New York öyle, Paris, Viyana, Madrid, Barcelona, Sidney, Tokyo, Shangay, Roma, Venedik Dünya’ca bilinen marka kentler sıralamasında üstlerde yer alan kentlerdir.
Bu sıralamada ne yazık ki Bursa’yı üst sıralarda göremiyoruz. Değil dünya klasmanında, Türkiye sıralamasında bile Bursa görmek istediğimiz yerde değil.
Ki, Bursa Türkiye’nin dördüncü büyük kenti, sanayisi, doğası tarihi ve öz değerleriyle, salt Türkiye değil bence dünya klasmanında bile üst seviyelerde yer alması gereken çok önemli potansiyeli barındıran bir kent olduğunu düşünüyorum.

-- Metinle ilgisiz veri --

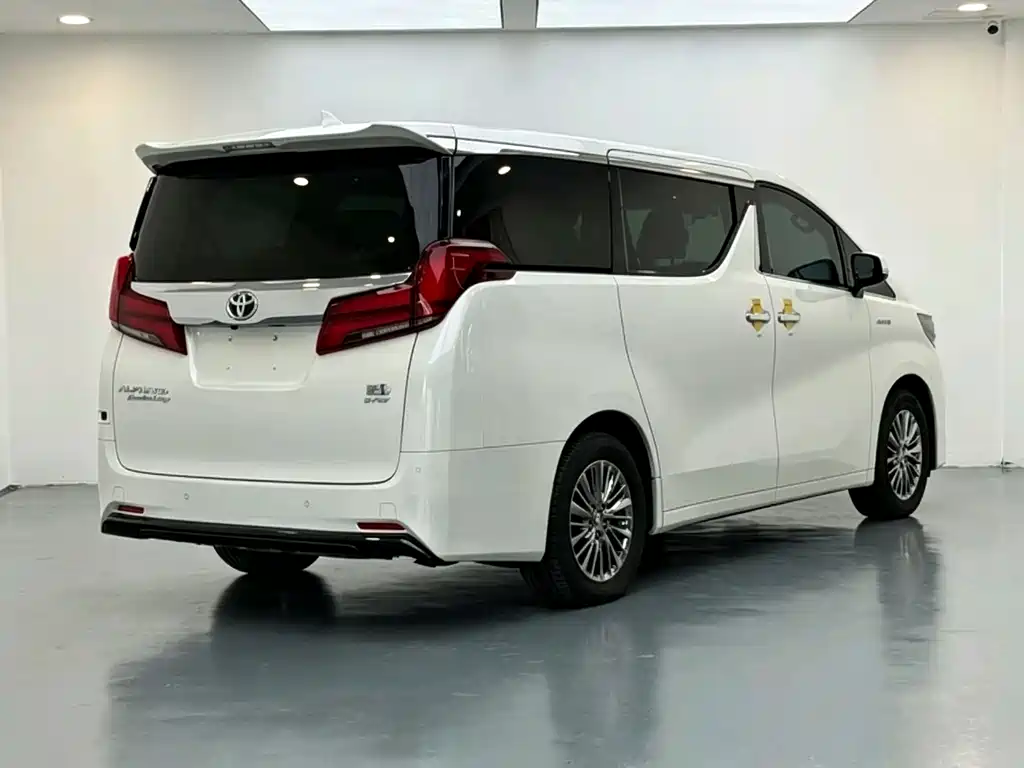 Toyota Alphard 2021 — фото 11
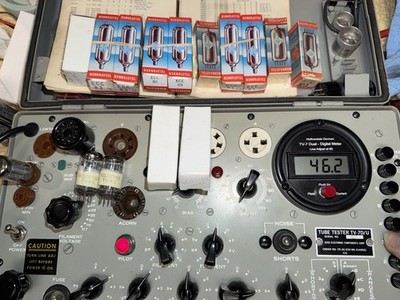 NOS Telefunken Smooth Plate SELECTED RED TIP Ultra Low Noise ECC83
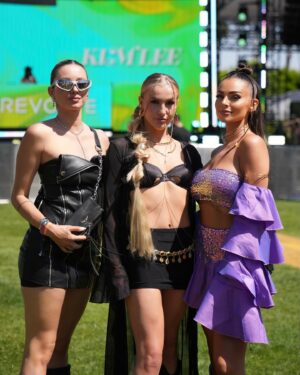Emma Keitmann Instagram - On prend les mêmes et on recommence, 3 ans de @revolve festival! J’en reviens pas comme le temps passe vite 📸⏳🎵💜 

Invitation #revolvefestival @masinfluenceragency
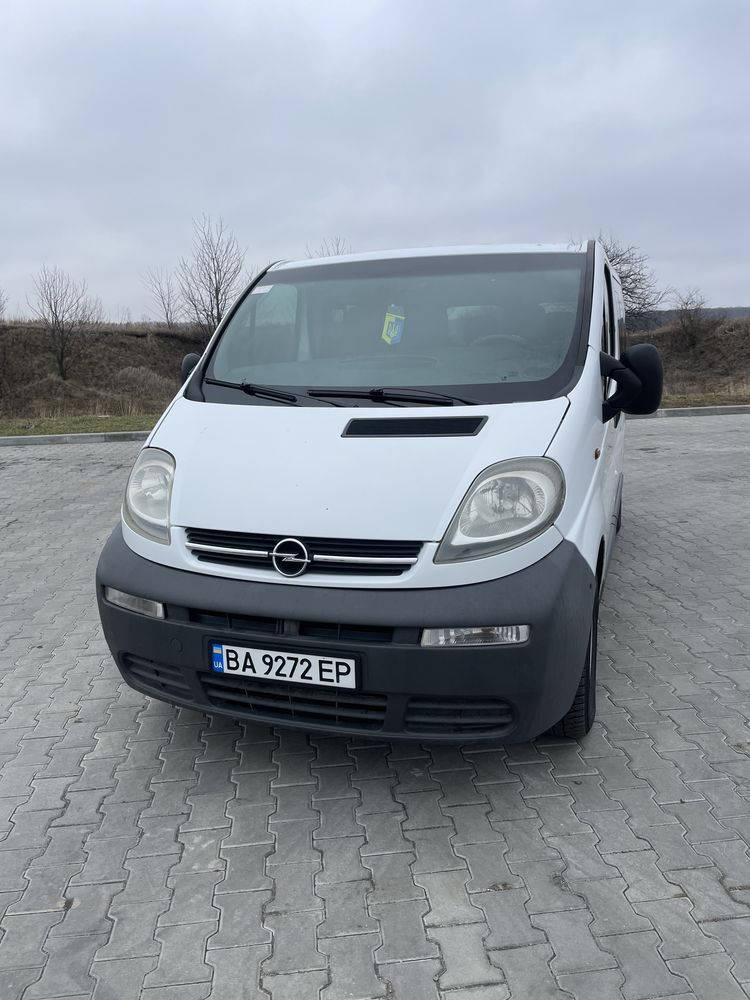 Продам Opel Vivaro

Siz kentin tarihi dokusunu, hanları hamamları onararak tekrar kazanabilir, kendi tramvayınızı üretebilir, kayak merkezlerini sahil kasabalarını düzenleyebilirsiniz. Bunları zaten kendi halkınız, yurttaşınız için yapmak zorundasınız, bu sizin görevinizdir.
Ancak, bu yaptıklarınızı farklı kültürlere aktarmanın, başka halklara anlatmanın en kestirme yolu sanattır ve elbette sinemadır.
Kentinizde öyle bir film çekersiniz ki, milyonlarca lira harcayarak yapmaya çalıştığınız tanıtımınızı bir anda tüm dünyaya ulaşarak başarabilirsiniz.
Bugün Amerika’yı Amerika yapan en güçlü yöntem sinemadır.
Amerika olmayan ya da sonradan uydurulan kültürünü sanatla dünyaya aktarır; müzikle, sinemayla…
Sever ya da sevmezsiniz, ayrı meseledir ama Amerika önce kültürünü, sonra da markalarını satar dünyaya.
Bunun en pratik, en etkili yolu yordamı sinemadır, televizyondur, müziktir; yani sanattır!
Bu vizyonun BTSO başkanı İbrahim Burkay’da olduğunu görüyorum. Bursa’daki, kültürel ve sanatsal anlamdaki eksikliğini görüyor ve sinema ile neler yapılabileceğinin farkında.
Bundan sonra yapılacak tek bir şey kalıyor; Bursa’da sinema filmlerinin çekilmesinin önünü açmak, Bursa’nın “doğal plato” dokusunu dünyaya pazarlamak!
Bursa’da bu potansiyel var.
Marifet bu potansiyeli ortaya çıkarıp işlemek.